61 P.2d 1028 | Colo. | 1936
PLAINTIFF in error is hereinafter referred to as the company, defendants in error as defendants, and one William E. Brazier as Brazier.
The company sued defendants as sureties on its contract with Brazier. Verdict and judgment were for defendants and the company brings error, contending, inter alia, that two instructions given were erroneous; two refused should have been given; and that the verdict was contrary to the evidence.
The company contracted to sell its products to Brazier, who agreed to pay therefor and also to pay balance due "under any and all former contracts." In consideration of the company's acceptance of this contract "or * * * extending further credit" defendants guaranteed payments thereunder, also "agree to assume and pay any and all prior indebtedness that may be due and owing said seller [the company] on the date of the acceptance of this contract * * * for any and all goods, wares and merchandise previously sold to said buyer [Brazier] under and by virtue of any and all prior contracts." It was further stipulated "that the credit liability of this contract shall not exceed $1,400." This was the third contract of a series, identical save as to date and the $1,400 limitation, each succeeding one being a renewal of the preceding. When the last was accepted, January 3, 1933, Brazier's indebtedness under the former was $1,388. When suit was instituted, October 2, 1933, the balance due and sued for was $1,381.12. A bill of particulars was demanded and furnished in which the first item was dated May 20, 1931, and the last April 25, 1933. Debits in 1933 appear as of date January 11, 18 and 25, March 2, and April 6 and 25; credits January 10, 18 and 19, March 21, and April 5 and 25.
By instruction No. 1, requested and refused, the jurors were told that defendants were liable for the amount due from Brazier at the time the contract was executed, plus goods sold thereafter, less payments. No instruction given stated the substance of this. *278
By instruction No. 3, given, the jurors were told that if the contract was entered into, and based upon a "valid consideration" which was "carried out" their verdict should be for the company for $1,381.12. This was objected to as defective in that it failed to state that surrender of prior contracts constituted such consideration.
[1] The construction of this contract was left to the jury. It was for the court. Bauer v. Goldman,
[2] A preexisting liability is a good consideration for a new promise; 13 C. J., p. 362, § 228. Also, benefit to third person, Id., p. 325, § 164. Consideration need not be in writing. It may be proved by parol or inferred Id., p. 367, § 240.

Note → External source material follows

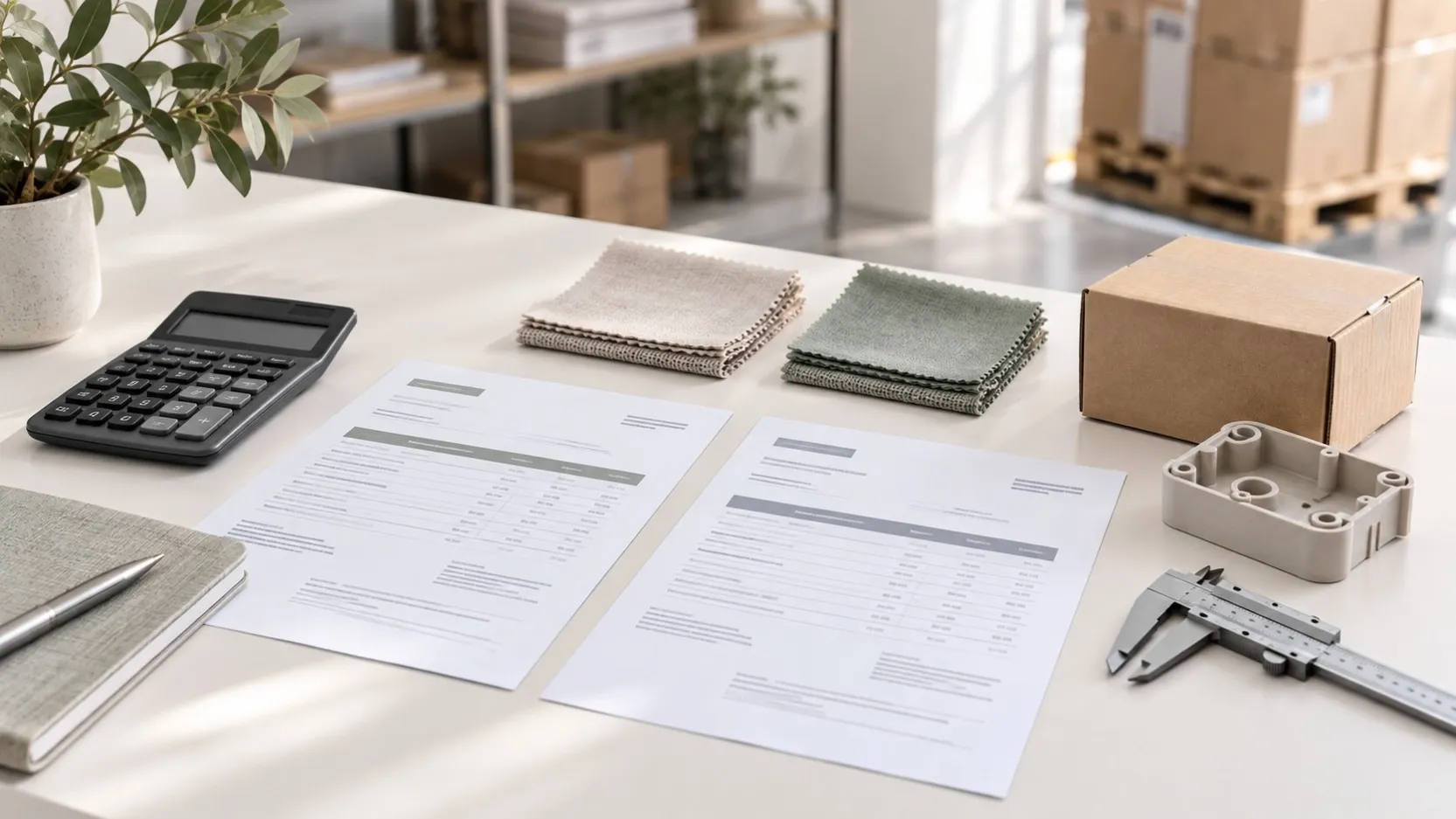 Supplier quotation comparison with material samples, packaging and inspection tools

[3] A written instrument purports a consideration.Grand Valley Irr. Co. v. Lesher,
[4, 5] The preceding contract, for which this was substituted and under which defendants' liability was slightly in excess of the amount here claimed, was ample consideration. Being for the same debt both could not stand. Goods furnished after this was executed constituted credit extended under it. That since its date more than their value was paid did not alter the situation. The facts are established by the evidence and uncontradicted. There was nothing to go to the jury. In any event instruction No. 3, given, should have been modified as requested, and instruction No. 1, refused, should have been given.
The judgment is reversed and the cause remanded with directions to enter judgment for the company in conformity herewith.